◆ BRIEF:
Leave every picture out, and give again exactly the lines from the one containing "Gingerbread House Holiday" through the end of the listing.

◆ EXTRACTED INFORMATION:
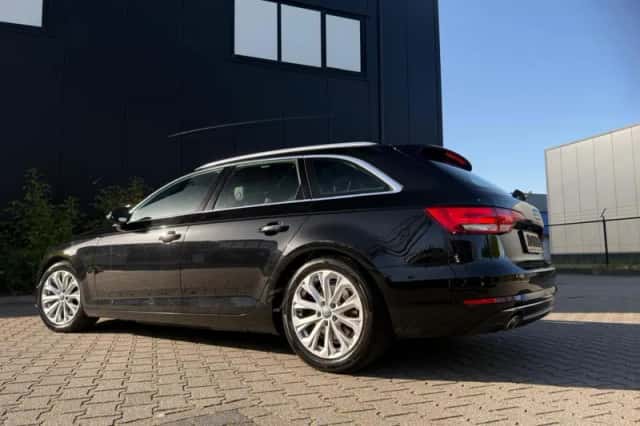 Audi A4 (2016) thumbnail 6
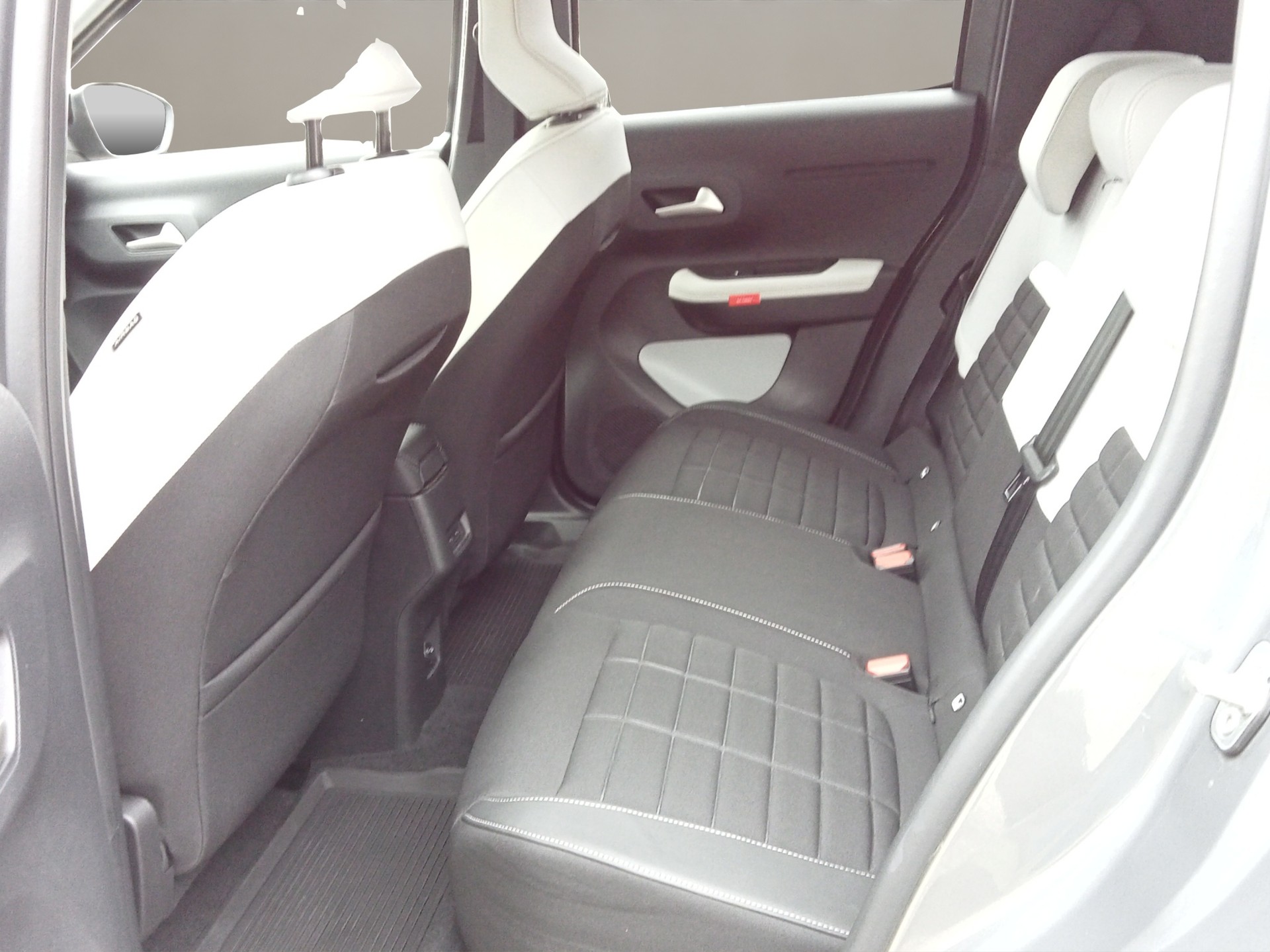 CITROEN e-C3 44kWh Max-image-12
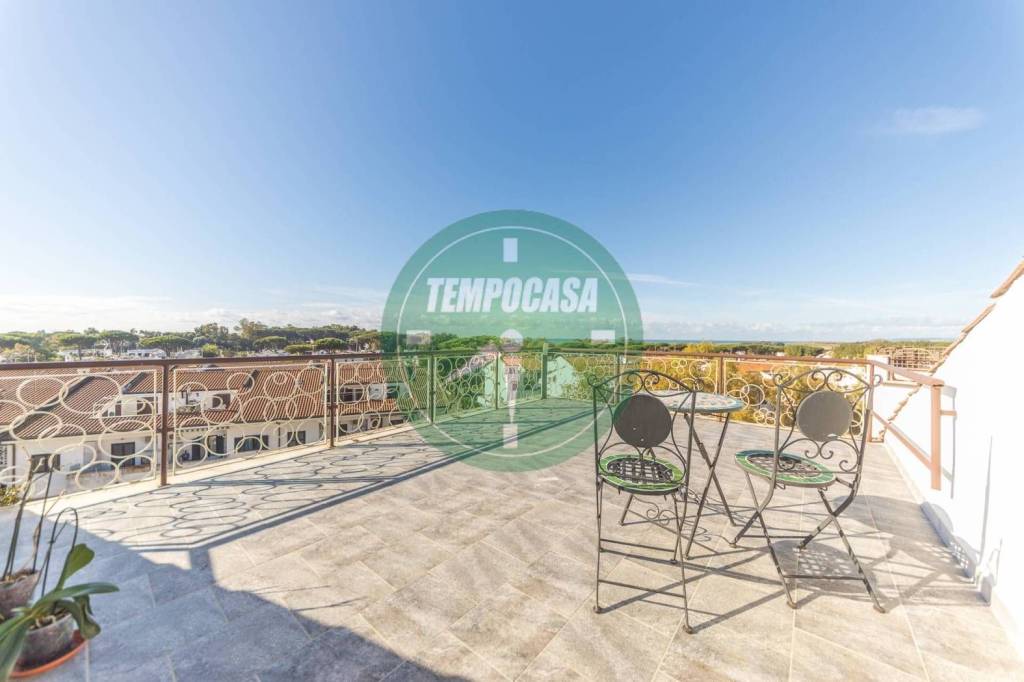 appartamento in vendita a Cerveteri in zona Cerenova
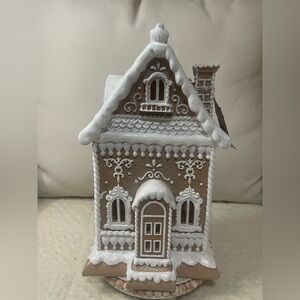 Gingerbread House Holiday Decoration - Brown and White LED Christmas decor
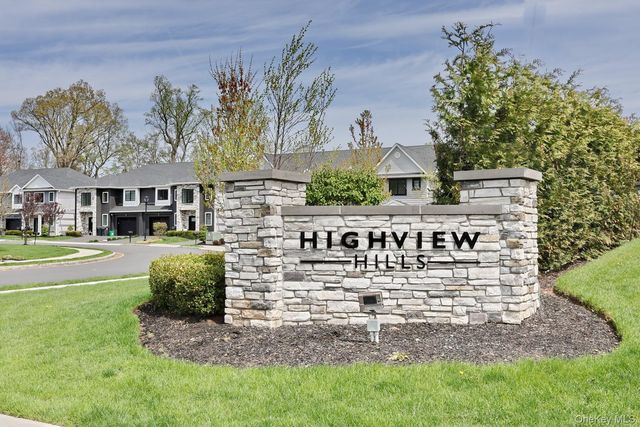 60 Silverwood Circle, Suffern, NY 10901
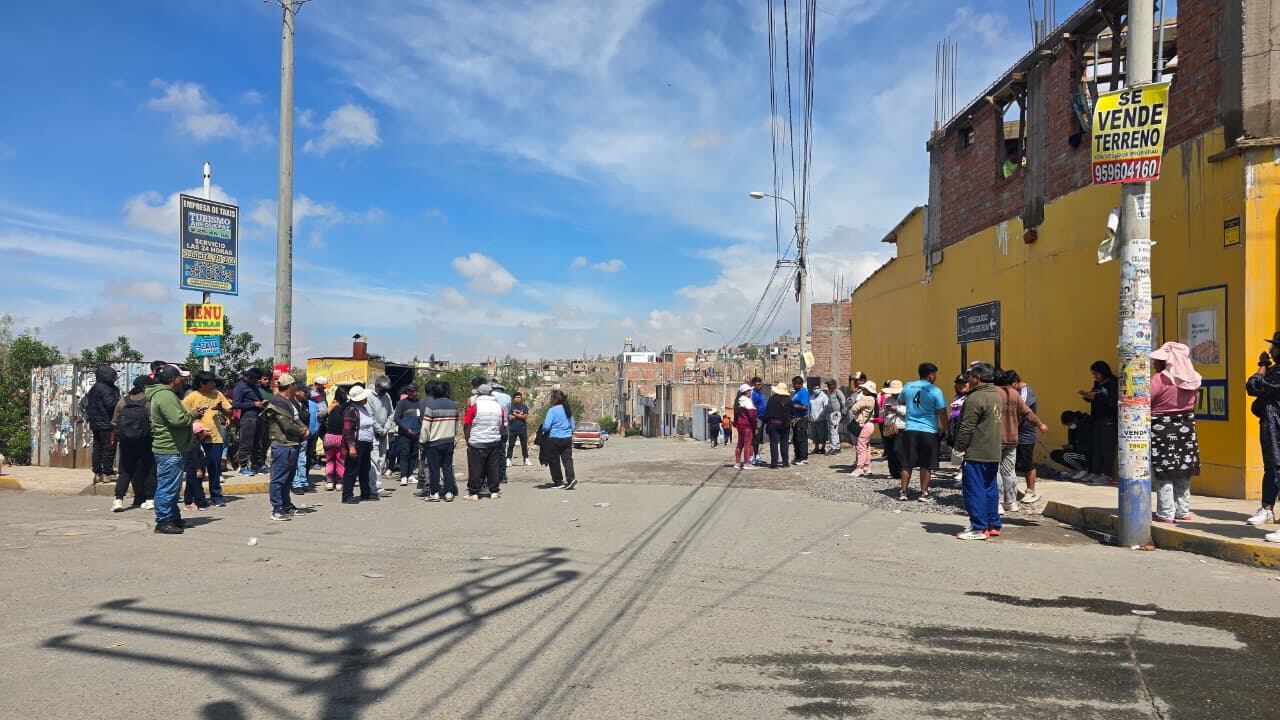 Pobladores sin transporte público en diferentes puntos de Arequipa (Foto: Yunsu Pariapaza)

◆ RESULT:
 Gingerbread House Holiday Decoration - Brown and White LED Christmas decor
 60 Silverwood Circle, Suffern, NY 10901
 Pobladores sin transporte público en diferentes puntos de Arequipa (Foto: Yunsu Pariapaza)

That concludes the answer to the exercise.